Kawah tersebut dipenuhi dengan pepohonan dan semak yang lebat. Hal ini membuat kawasan itu sulit ditembus oleh sinar matahari. Sehingga, kelembabannya cukup tinggi pada siang dan malam hari. Kemudian, menyebabkan kabut tebal yang menemani suara dan bau aneh.

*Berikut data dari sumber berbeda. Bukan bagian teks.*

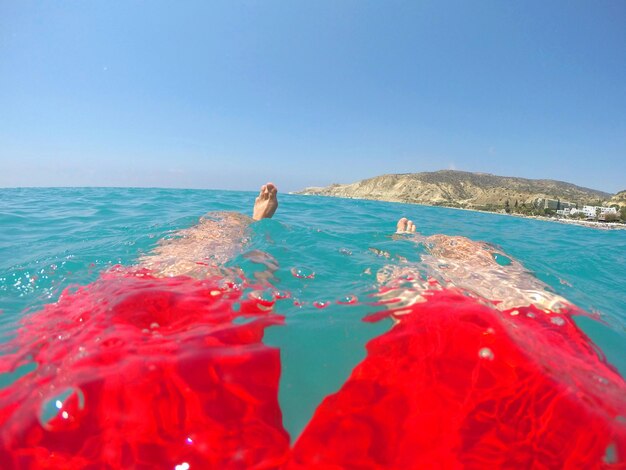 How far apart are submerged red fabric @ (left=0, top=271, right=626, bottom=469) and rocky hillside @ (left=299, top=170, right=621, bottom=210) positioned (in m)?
50.5

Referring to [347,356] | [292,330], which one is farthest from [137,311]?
[347,356]

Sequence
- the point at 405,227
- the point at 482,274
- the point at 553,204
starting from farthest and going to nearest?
1. the point at 553,204
2. the point at 405,227
3. the point at 482,274

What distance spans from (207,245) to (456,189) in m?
63.2

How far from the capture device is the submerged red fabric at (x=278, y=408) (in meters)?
1.17

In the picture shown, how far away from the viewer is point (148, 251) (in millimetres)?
4027

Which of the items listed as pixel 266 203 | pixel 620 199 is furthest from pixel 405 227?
pixel 620 199

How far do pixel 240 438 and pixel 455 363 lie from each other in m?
1.21

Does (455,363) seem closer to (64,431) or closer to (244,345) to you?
(244,345)

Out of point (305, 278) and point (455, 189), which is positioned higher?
point (455, 189)

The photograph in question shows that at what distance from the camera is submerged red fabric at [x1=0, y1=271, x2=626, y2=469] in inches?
46.2

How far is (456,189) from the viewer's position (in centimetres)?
5781

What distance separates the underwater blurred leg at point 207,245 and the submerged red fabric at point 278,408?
124cm

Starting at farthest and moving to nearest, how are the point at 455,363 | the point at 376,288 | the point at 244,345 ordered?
1. the point at 376,288
2. the point at 244,345
3. the point at 455,363

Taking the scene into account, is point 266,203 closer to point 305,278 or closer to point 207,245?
point 207,245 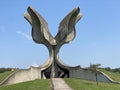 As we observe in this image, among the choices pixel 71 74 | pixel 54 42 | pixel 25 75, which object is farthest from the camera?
pixel 54 42

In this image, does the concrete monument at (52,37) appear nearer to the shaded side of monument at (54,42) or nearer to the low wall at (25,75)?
the shaded side of monument at (54,42)

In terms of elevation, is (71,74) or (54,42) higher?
(54,42)

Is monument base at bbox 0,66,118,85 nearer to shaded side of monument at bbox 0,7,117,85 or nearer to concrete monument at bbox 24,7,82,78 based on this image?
shaded side of monument at bbox 0,7,117,85

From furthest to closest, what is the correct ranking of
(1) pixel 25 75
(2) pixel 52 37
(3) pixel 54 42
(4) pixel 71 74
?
(2) pixel 52 37 < (3) pixel 54 42 < (4) pixel 71 74 < (1) pixel 25 75

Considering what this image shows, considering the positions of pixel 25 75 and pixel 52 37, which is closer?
pixel 25 75

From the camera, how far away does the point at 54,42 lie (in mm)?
44125

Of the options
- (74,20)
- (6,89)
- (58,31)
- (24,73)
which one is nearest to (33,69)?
(24,73)

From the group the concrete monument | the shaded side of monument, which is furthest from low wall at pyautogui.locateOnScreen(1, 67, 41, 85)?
the concrete monument

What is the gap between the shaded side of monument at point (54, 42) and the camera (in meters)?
42.9

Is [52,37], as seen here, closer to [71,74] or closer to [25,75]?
[71,74]

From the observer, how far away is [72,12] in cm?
4384

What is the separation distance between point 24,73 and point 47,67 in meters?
3.81

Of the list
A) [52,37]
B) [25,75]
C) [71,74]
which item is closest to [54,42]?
[52,37]

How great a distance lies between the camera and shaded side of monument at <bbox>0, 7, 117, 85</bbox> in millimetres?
42906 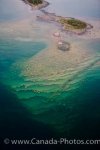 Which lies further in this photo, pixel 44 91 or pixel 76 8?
pixel 76 8

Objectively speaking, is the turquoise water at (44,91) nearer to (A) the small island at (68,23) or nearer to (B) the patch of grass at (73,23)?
(A) the small island at (68,23)

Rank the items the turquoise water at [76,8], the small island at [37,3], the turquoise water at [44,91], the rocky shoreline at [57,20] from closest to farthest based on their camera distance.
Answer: the turquoise water at [44,91]
the rocky shoreline at [57,20]
the turquoise water at [76,8]
the small island at [37,3]

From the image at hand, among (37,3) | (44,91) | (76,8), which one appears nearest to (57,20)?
(76,8)

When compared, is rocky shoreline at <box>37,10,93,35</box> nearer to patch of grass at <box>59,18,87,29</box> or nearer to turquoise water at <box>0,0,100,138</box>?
patch of grass at <box>59,18,87,29</box>

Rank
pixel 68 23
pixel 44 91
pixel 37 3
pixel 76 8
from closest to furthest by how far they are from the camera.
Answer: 1. pixel 44 91
2. pixel 68 23
3. pixel 76 8
4. pixel 37 3

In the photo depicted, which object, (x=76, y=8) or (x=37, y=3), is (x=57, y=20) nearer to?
(x=76, y=8)

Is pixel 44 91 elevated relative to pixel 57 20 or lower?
lower

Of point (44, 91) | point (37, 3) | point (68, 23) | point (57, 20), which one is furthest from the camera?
point (37, 3)

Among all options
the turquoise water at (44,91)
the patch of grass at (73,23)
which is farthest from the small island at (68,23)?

Peristiwa paling heboh terjadi pada November 2011 ketika pesawat Cessna 172 Skyhawk PK-NIP’ milik ‘Nusa Flying International School’ jatuh. Pesawat itu meninggalkan Bandara Halim Perdanakusuma, Jakarta untuk ‘training cross country’ pada pukul 07.00 WIB dan mendarat di Lanud Cakrabuana, Cirebon.
Namun, pesawat kehilangan kontak saat berada di udara dekat Gunung Ciremai. Pesawat tersebut ditemukan di kaki tebing Kawah Burung dalam keadaan ‘kapal pecah’. Menurut Yono, warga setempat, puing-puing pesawat disembunyikan di Kawah Burung oleh ‘anu ngageugeuh’ (yang bersemayam).
Semua area disisir dan tidak ada secuil puing-puing yang ditemukan saat itu. Faktanya, penduduk setempat masih percaya, Kawah Burung memiliki magnet dan gas beracun yang membuatnya sangat berbahaya bagi siapa pun yang mendekatinya, termasuk pesawat yang belum diketahui secara jelas.
Kawah Burung merupakan hutan terlarang dan dikenal sebagai tempat paling angker bagi mereka yang tinggal di kaki Gunung Ciremai. Masih menurut warga setempat, kawah ini dulunya merupakan tempat pembuangan orang-orang yang tidak diketahui asalnya. Orang-orang tersebut dipercaya mati kelaparan atau dimakan binatang buas.